The latest developments in Bamboo product innovation across the world, accelerated and coordinated efforts by various government of India ministries and patronage offered by the Union as well as the state government by freeing bamboo from the clutches of forest officialdom are seen as some positive steps to enable bamboo realise its true potential as green gold.
It may be recalled that recent measures were taken by the Government of India to exempt non-forest bamboo from the clutches of forest officialdom are seen as a big positive for the nascent bamboo industry in the country.
The amendment approved by the Cabinet will allow free movement of bamboo and would generate the demand for raw material leading to planting of bamboo trees on non-forest land, provide employment and encourage growth of small and medium industries in the villages and smaller towns and reduce dependence on imports.

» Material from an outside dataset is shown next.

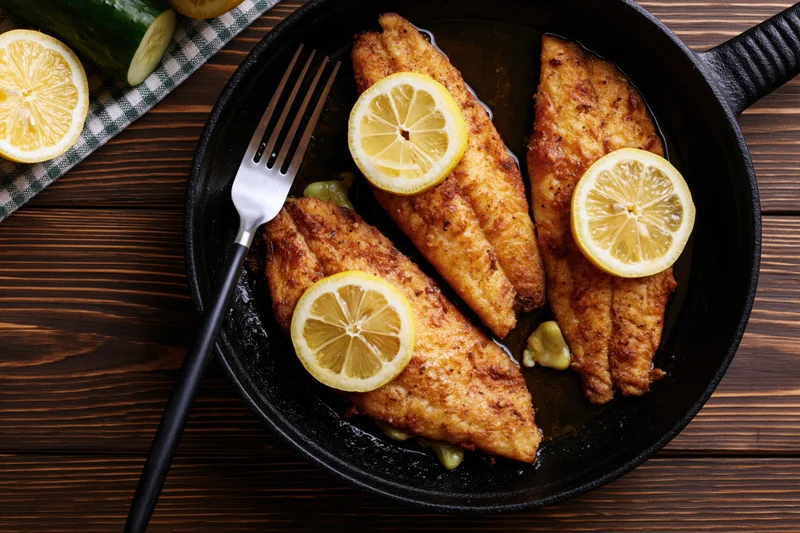 Three pan-seared fish fillets topped with lemon slices in a black skillet on a wooden table with a fork beside it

The Bamboo which is the livelihood for lakhs of people of North East, has been under a very restrictive regulatory regime. Because of this, you cannot transport or sell the Bamboo produced in your own field without the permit: PM @narendramodi
— PMO India (@PMOIndia) December 16, 2017
The government has already made several other relaxations in the bamboo sector. For instance, the export of products made from bamboo, except Bamboo Charcoal, bamboo pulp and unprocessed bamboo shoots has also been made free.
From a ‘poor man’s timber’ to ‘green gold’, bamboo is fast emerging as the super material of the 21st century. It is one of the fastest growing and highest yielding renewable natural resource making it a good substitute to wood in mitigating pressure on natural forests. Bamboo has unrivalled capacity to capture carbon. Given its immense economic potential, Bamboo can enable socio-economic development at the bottom of the pyramid through gainful employment & income generation.
India has the second largest reserves of bamboo in the world. Leveraging this can spur gainful employment and income generation especially in North East India which has over 66% of India’s bamboo reserves and where bamboo is an intrinsic part of the local culture.
But unless non-official, independent experts are involved and effective hand-holding done, there is no way the bamboo sector realizes its potential. The lack of participation of private experts or independent members who have been working in the field and have gathered immense experience and knowledge is huge deterrent to the growth and development of the sector. Their presence is much needed to provide the direction and clarity which has been missing.
Forest officials have been struggling since the last 2 decades to boost growth in the sector which sadly less success. If private experts are not included at this stage, then the new initiatives of the Government will not bear the required results – this is a fear that has been echoed by many proponents of Bamboo.